▶ What to do
Restate the listing below word for word, pictures excluded.

▶ Data under study
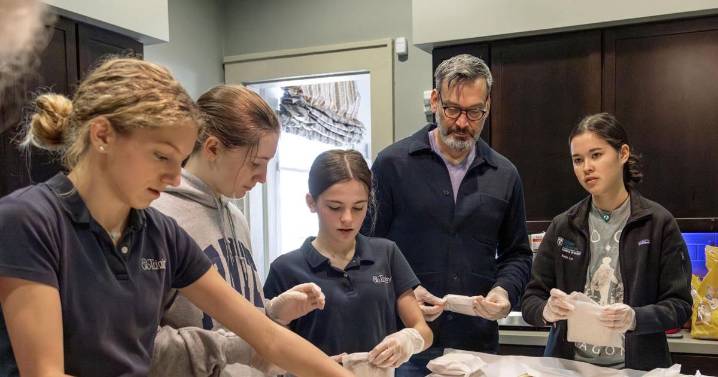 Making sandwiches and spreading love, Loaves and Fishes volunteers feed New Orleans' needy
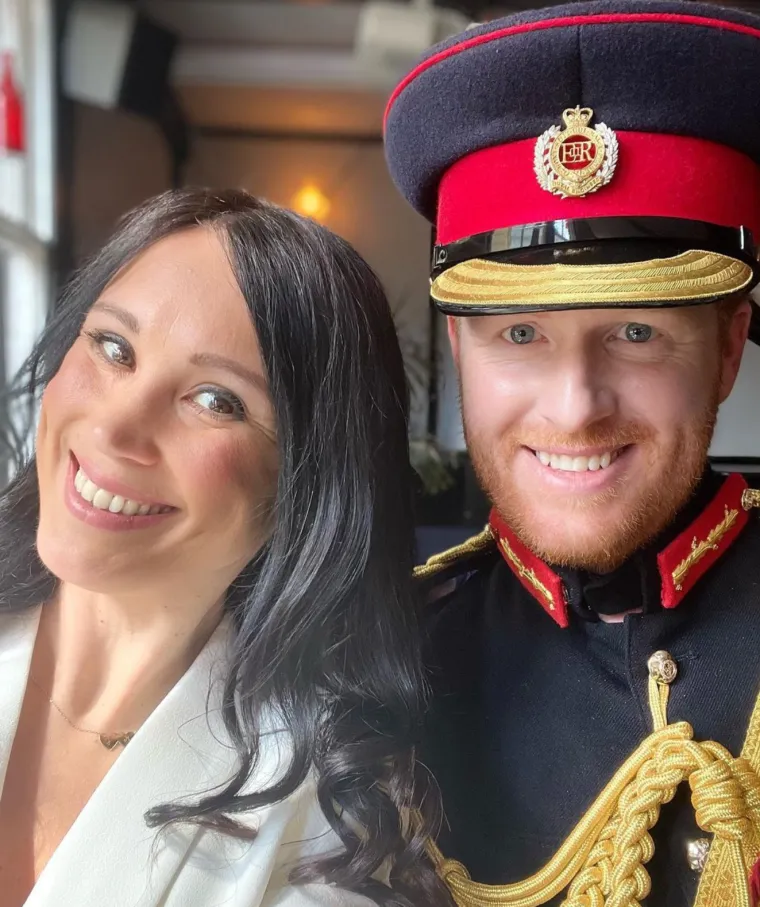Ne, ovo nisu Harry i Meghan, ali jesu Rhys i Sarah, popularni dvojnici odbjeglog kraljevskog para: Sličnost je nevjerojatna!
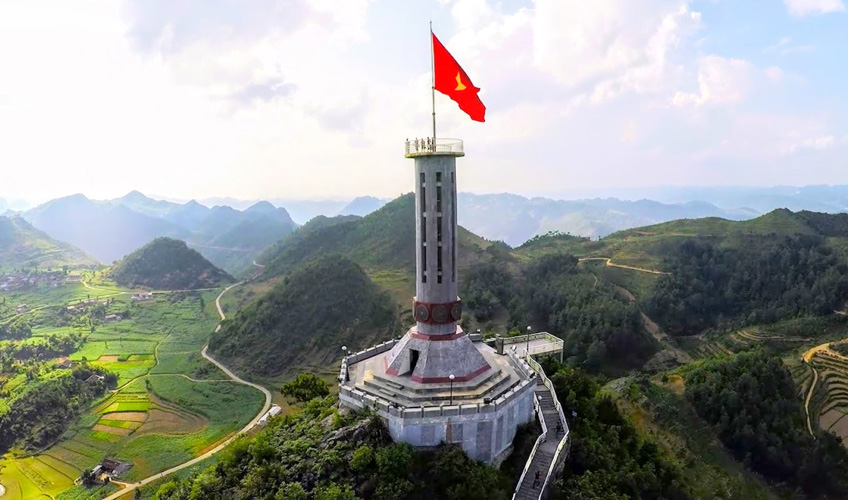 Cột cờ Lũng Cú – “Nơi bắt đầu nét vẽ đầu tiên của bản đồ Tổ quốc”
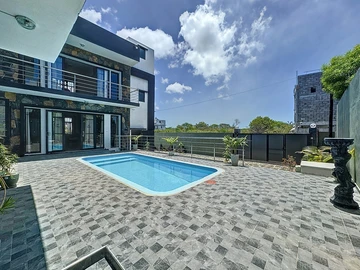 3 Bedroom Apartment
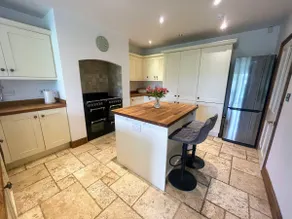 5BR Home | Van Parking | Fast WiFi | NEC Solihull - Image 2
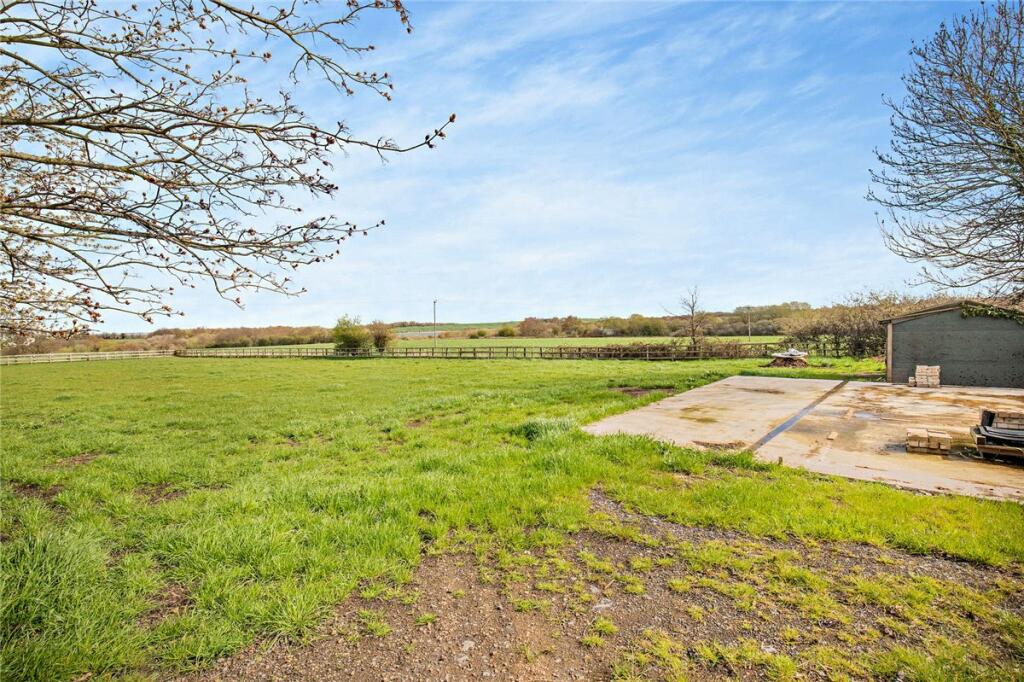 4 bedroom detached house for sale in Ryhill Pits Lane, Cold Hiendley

▶ Written response
 Making sandwiches and spreading love, Loaves and Fishes volunteers feed New Orleans' needy
Ne, ovo nisu Harry i Meghan, ali jesu Rhys i Sarah, popularni dvojnici odbjeglog kraljevskog para: Sličnost je nevjerojatna!
 Cột cờ Lũng Cú – “Nơi bắt đầu nét vẽ đầu tiên của bản đồ Tổ quốc”
 3 Bedroom Apartment
 5BR Home | Van Parking | Fast WiFi | NEC Solihull - Image 2
 4 bedroom detached house for sale in Ryhill Pits Lane, Cold Hiendley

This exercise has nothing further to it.